What is being asked >> Within the entries below, please retype exactly the lines starting with the line that has "Fender 2021 Squier" and going on through the line that has "KNOXFIELD HV WINTER parka oranžová XS", but not the pictures.

Data in this exercise >>
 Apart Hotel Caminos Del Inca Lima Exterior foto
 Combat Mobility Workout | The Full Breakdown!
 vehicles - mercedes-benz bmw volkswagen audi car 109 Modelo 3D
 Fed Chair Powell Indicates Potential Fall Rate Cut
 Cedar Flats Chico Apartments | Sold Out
==
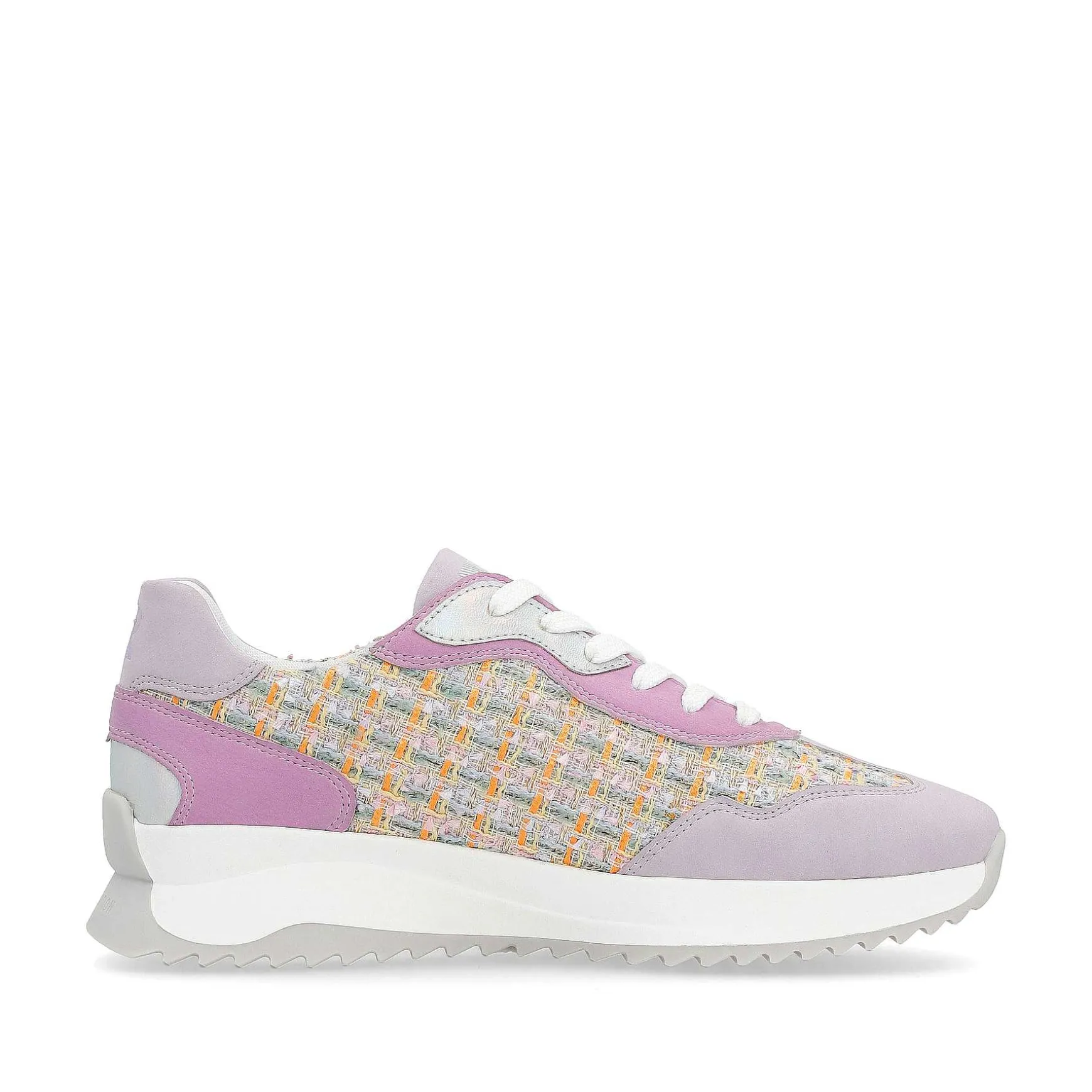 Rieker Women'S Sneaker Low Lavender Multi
--
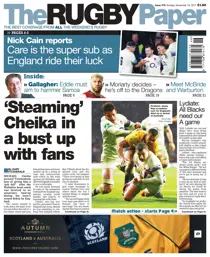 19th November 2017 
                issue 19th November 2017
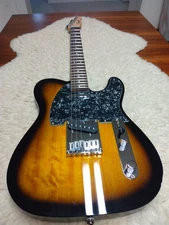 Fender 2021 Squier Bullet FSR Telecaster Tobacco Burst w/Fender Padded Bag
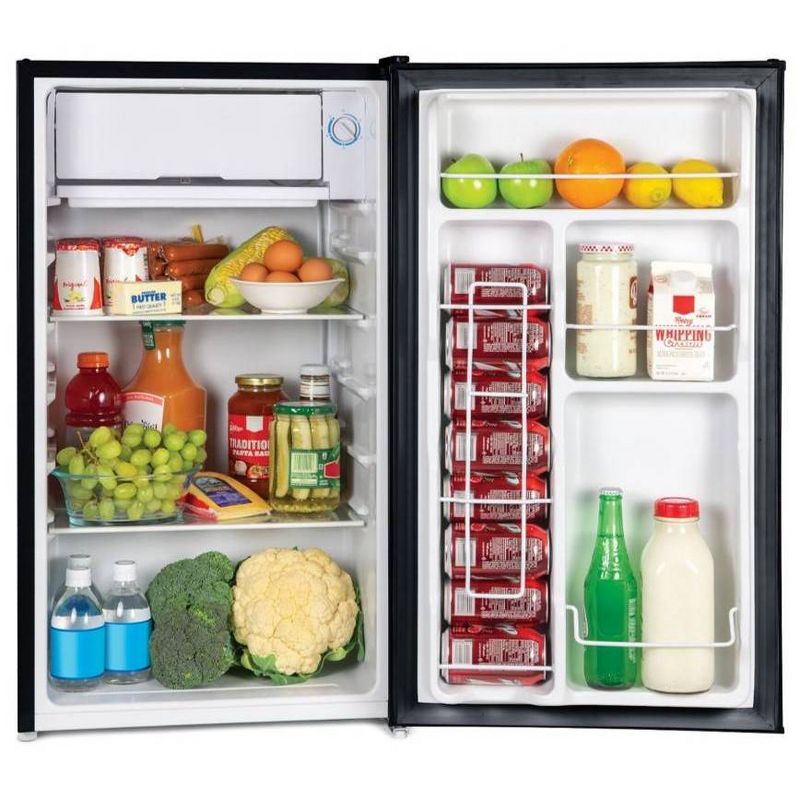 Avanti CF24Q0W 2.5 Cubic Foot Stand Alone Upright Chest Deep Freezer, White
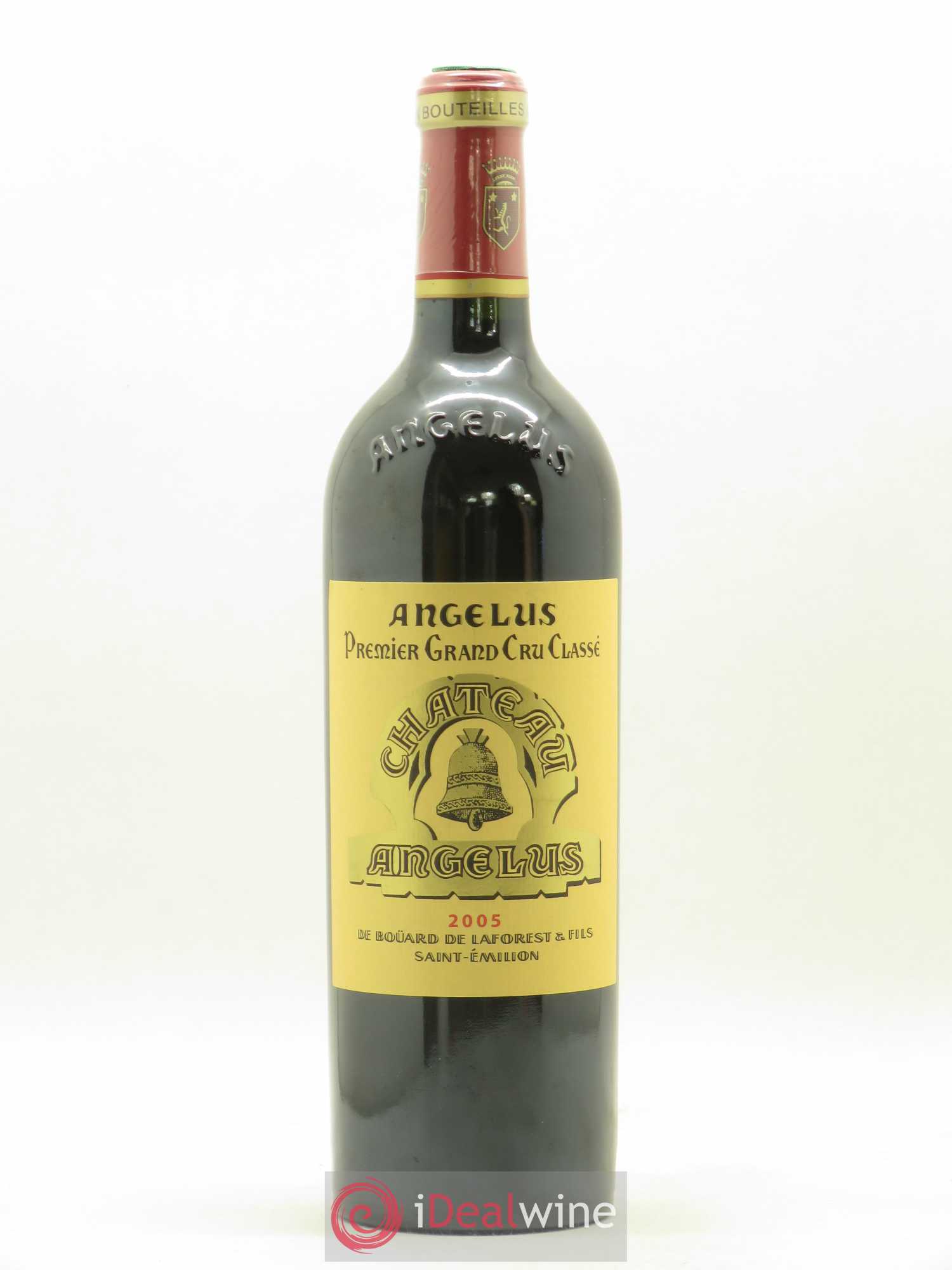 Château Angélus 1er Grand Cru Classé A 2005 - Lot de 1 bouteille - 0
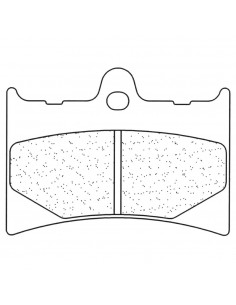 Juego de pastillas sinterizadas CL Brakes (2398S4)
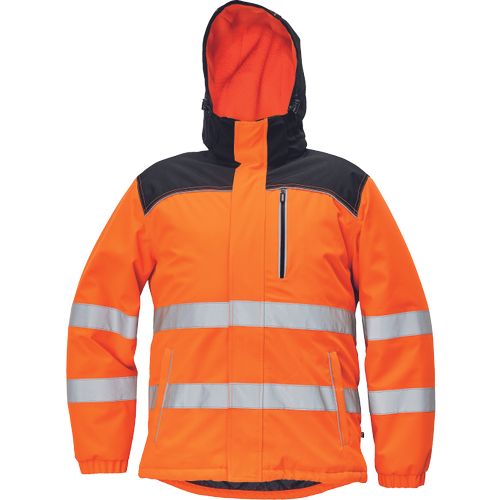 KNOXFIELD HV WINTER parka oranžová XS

Solution for this exercise >>
 Fender 2021 Squier Bullet FSR Telecaster Tobacco Burst w/Fender Padded Bag
 Avanti CF24Q0W 2.5 Cubic Foot Stand Alone Upright Chest Deep Freezer, White
 Château Angélus 1er Grand Cru Classé A 2005 - Lot de 1 bouteille - 0
 Juego de pastillas sinterizadas CL Brakes (2398S4)
 KNOXFIELD HV WINTER parka oranžová XS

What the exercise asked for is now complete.